__Task item__
Begin at the line holding "ワントーン刺繍のトートバック" and set down exactly each line through the last one below, omitting pictures. Include nothing else.

__Supplied data__
▬▬▬▬▬▬▬▬▬▬
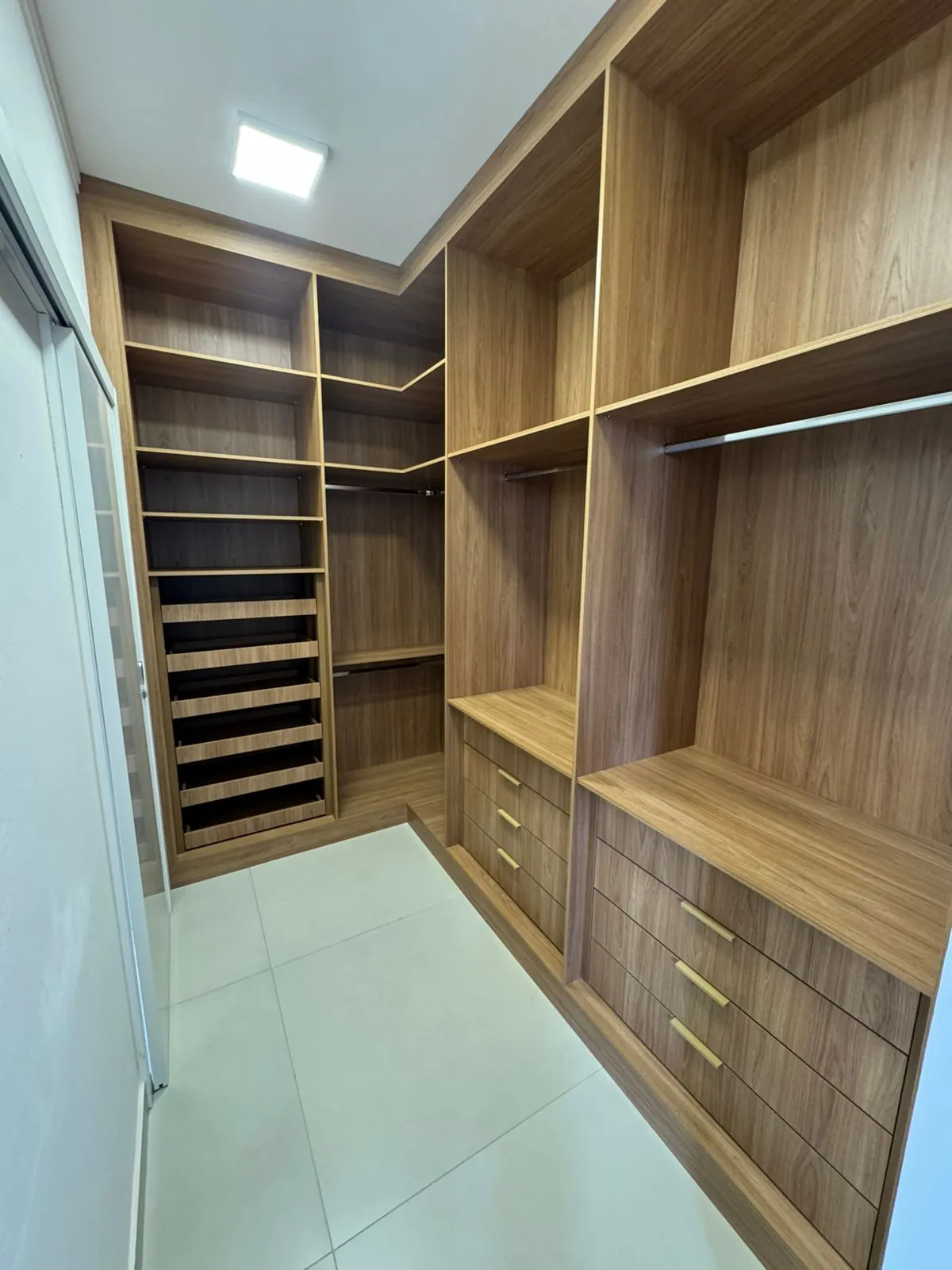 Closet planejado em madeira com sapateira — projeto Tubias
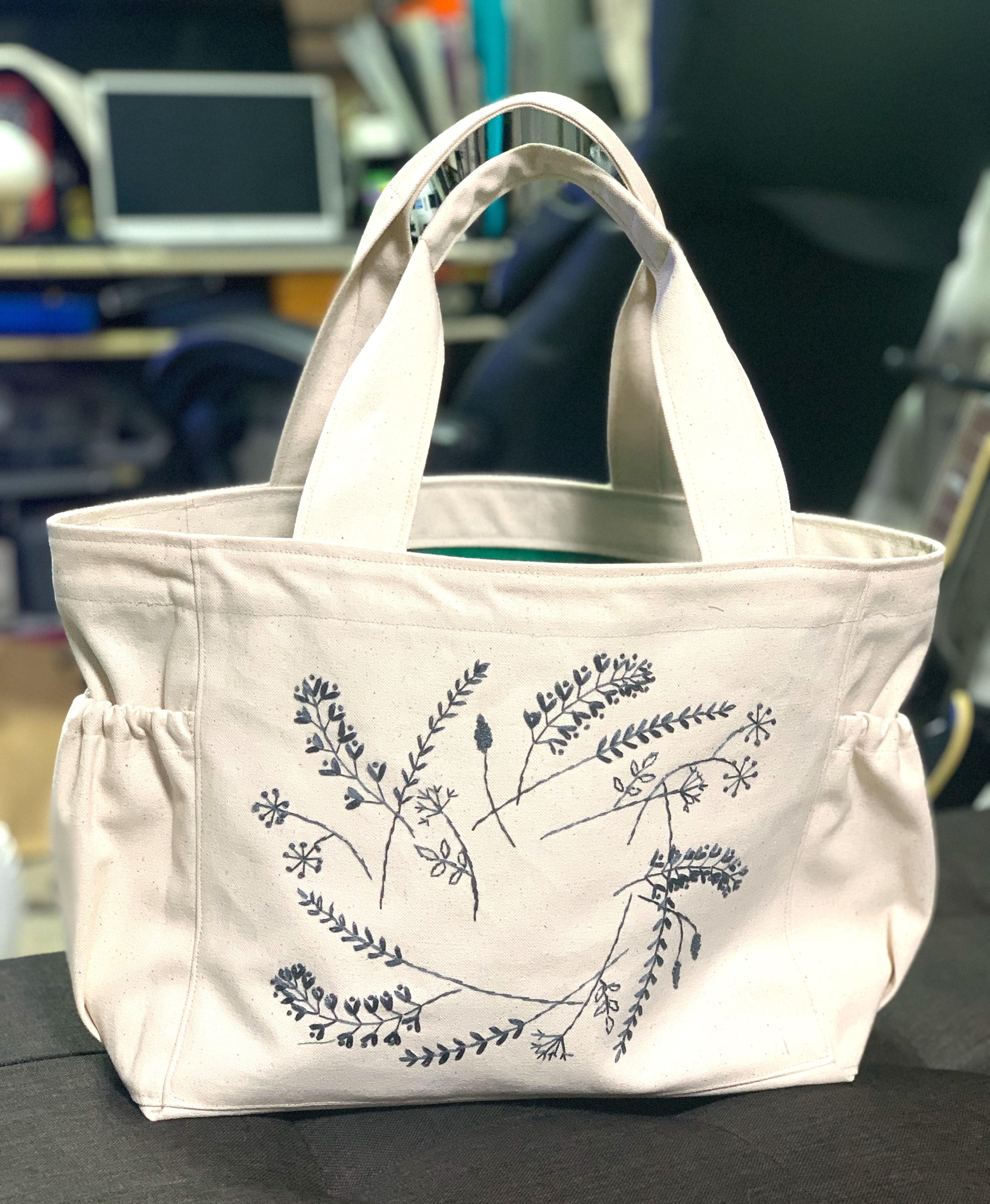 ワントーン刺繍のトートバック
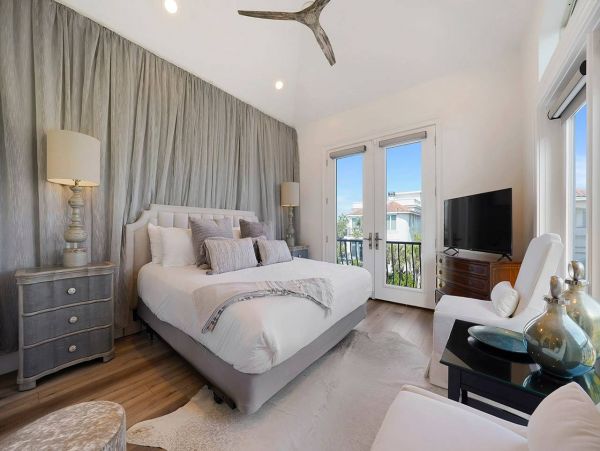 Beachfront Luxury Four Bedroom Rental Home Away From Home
▬▬▬▬▬▬▬▬▬▬
__Output for this task__
 ワントーン刺繍のトートバック
 Beachfront Luxury Four Bedroom Rental Home Away From Home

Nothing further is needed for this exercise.